All three low-cost discount carriers have aggressively invaded USAir's stronghold. While the race for Florida has meant more flights and even lower fares for consumers, it also spells trouble for higher-cost USAir.
While Florida has always been a highly competitive market, the entry earlier this year of the successful and highly focused Southwest Airlines changed the picture dramatically. In addition, Delta Air Lines just recently launched a discount express service to Florida. And ValuJet, which was grounded by the Federal Aviation Administration, is once again flying there.
Boosting demand for the popular Florida flights is the transformation of the Sunshine State from a seasonal tourist attraction to a fast-growing business stronghold.

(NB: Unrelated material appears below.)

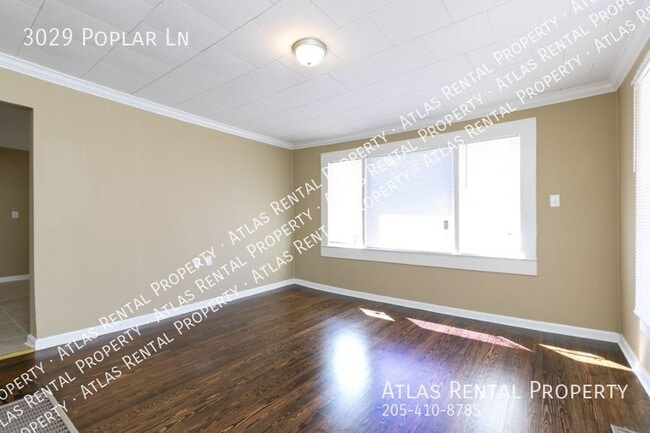 Building Photo - 3029 Poplar Ln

"It's not just senior citizens and Mickey Mouse tourists," said Jay Hierholzer, associate administrator for marketing and development at Baltimore-Washington International Airport. "Planes out of here are full of laptops and business suits, too."
Yet the rush by discount airlines -- and smaller ones like Kiwi, East-wind and Carnival -- to serve Florida underscores USAir's dilemma. Once again, the carrier must keep prices low to stave off low-cost competition.
In the short run, USAir can match the $69 one-way fares, much as it did CalLite's bargains to Boston. But it can't do that forever -- especially if the competition is Southwest Airlines.
"They stayed in the game and outlasted Continental Lite, but it's hard to outlast a Southwest because they outlast everybody else," said David Stempler, president of Air Traveler Advisers Inc., a Washington consulting firm.
"This highlights the whole thing that Steve Wolf has been talking about," Stempler said. "USAir has to find a long-term solution to its cost problem."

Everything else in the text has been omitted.